Where are the Butch Lesbians?
Although lesbian representation is becoming more mainstream, there is still very minimal butch lesbian representation. Even when gender non-conforming or butch coded lesbians are shown, they rarely are called butch within the media itself. When lesbian relationships are represented on screen it is often between two femme or fem lesbians, ignoring butch, stud and stem lesbian relationships. Even rarer is relationships between two butch lesbians. The lack of representation for butch lesbians is isolating and ignores its importance within lesbian culture.
While I was brainstorming for this post, I tried to think of any butch lesbian characters to use as examples for positive or negative representation, especially if they explicitly identified themselves as butch within the media itself. I couldn’t think of a single explicitly butch character in any of the shows or movies I had watched, and when I asked my friends, they had a very similar sentiment. There were plenty of lesbian characters that had a more masculine fashion sense, but there was no use of the word butch itself. This points to how little butchness and gender nonconformity are present in the media.
The lack of butch characters exemplifies how representation is still very cisnormative and heteronormative. Although there are increasing numbers of queer characters in TV and film, to at least some level, they are meant to conform to the cishet gaze. Lesbian characters need to be feminine for heterosexual men to be attracted to them, causing a majority of lesbian representation to be feminine women. This is a result of the thought that the queer community needs to be palatable to cishets in order for them to be accepted instead of celebrating identities that fall outside of the binary. Assimilation of this type is not possible because it inherently ignores intersectional issues that face non-white queer people and forces queerness into a box. If you try to assimilate into a system that is broken without fixing anything, nothing will change. Activist Barbara Smith writes: “Of course, the people left out of this new gay political equation of mainstream acceptance, power and wealth are lesbians and gay men of color.” (Smith 1993)
Being queer is inherently revolutionary, but TV and film often does not show that side of queerness. Cherry Smith writes: “Every time the word queer is used it defines a strategy, an attitude, a reference to other identities and another understanding…Both in culture and in politics, queer articulates a radical questioning of social and cultural norms, notions of gender, reproductive sexuality, and the family.” (Smith 280). Identities like butch and gender non-conforming are revolutionary because they fall outside of the patriarchal, cisgender, heterosexual gaze. Being butch isn’t just about being a masculine lesbian woman, it’s much larger than that. Butchness is a lifestyle, it affects the way you are perceived by society because of how it challenges traditional gender roles. It is revolutionary to be proud of your queerness and love in a way that does not fall into the norm.
Seeing identities outside of the norm increases acceptance by people who do not identify the same way while also exposing people who have not yet figured out their identity to something they might closely relate to. Feeling seen is important because at the end of the day, humans crave to be accepted by the others around them. An example of the positive effect butch representation does have is in Author Alison Bechdel’s memoir Fun Home.

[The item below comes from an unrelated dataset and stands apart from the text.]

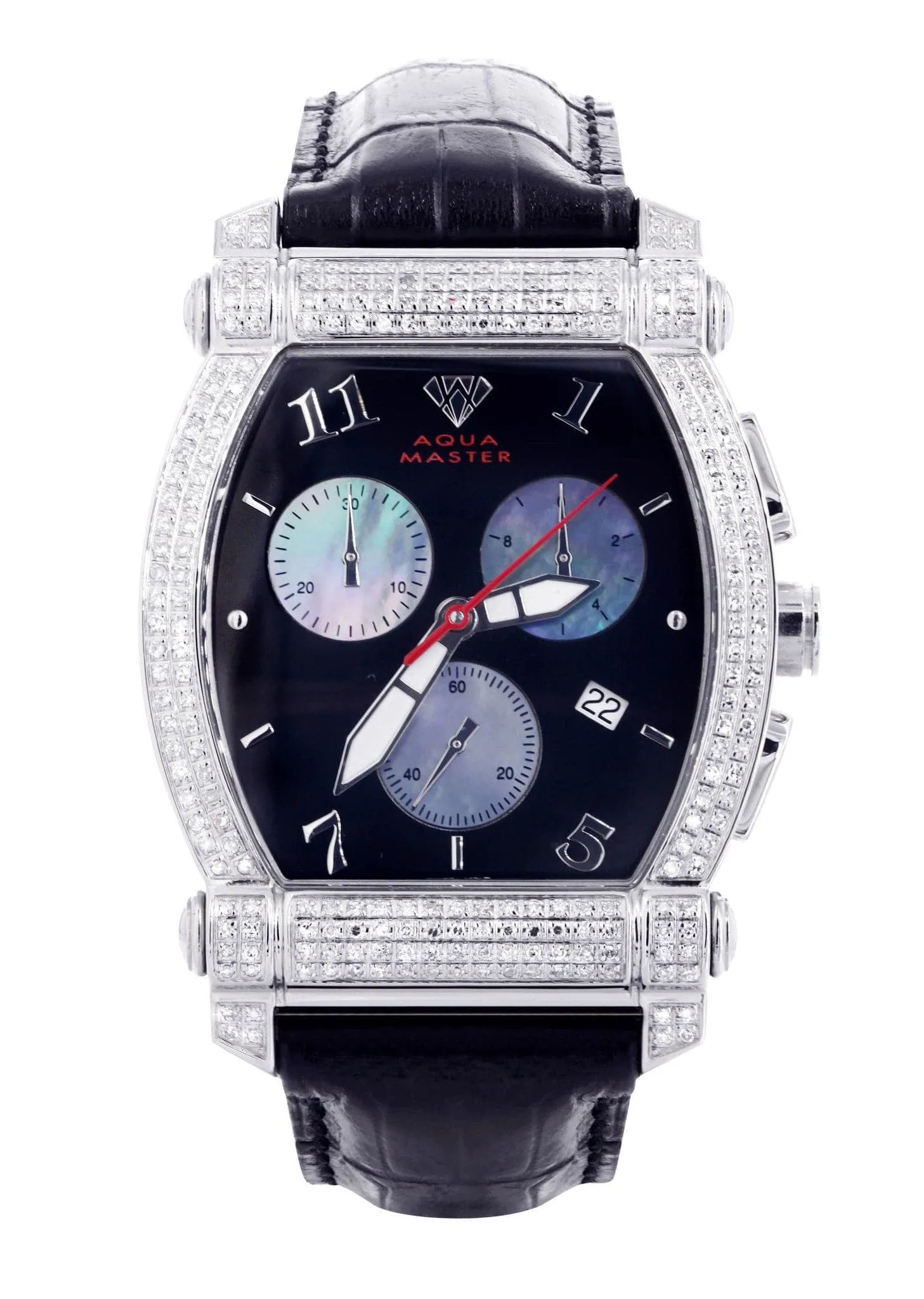 Mens White Gold Tone Diamond Watch | Appx. 2.51 Carats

In the comic, she describes the joy she felt when she saw a butch woman for the first time as a young child. Even though she didn’t have the exact words to describe how she felt, she was still able to feel seen by seeing someone like her existing. This is why more inclusive representation is so important and influential. Without it, people can go their entire lives without knowing about other people like them, unintentionally excluding them from a community they would be most comfortable in.
Citations:
Smith, Cherry. “What Is This Thing Called Queer?” The Material Queer, Edited by Donald Morton, Westview Press, 1996, 277-285.
Smith, Barbara. “Where’s the Revolution?” The Nation, 5 July 1993.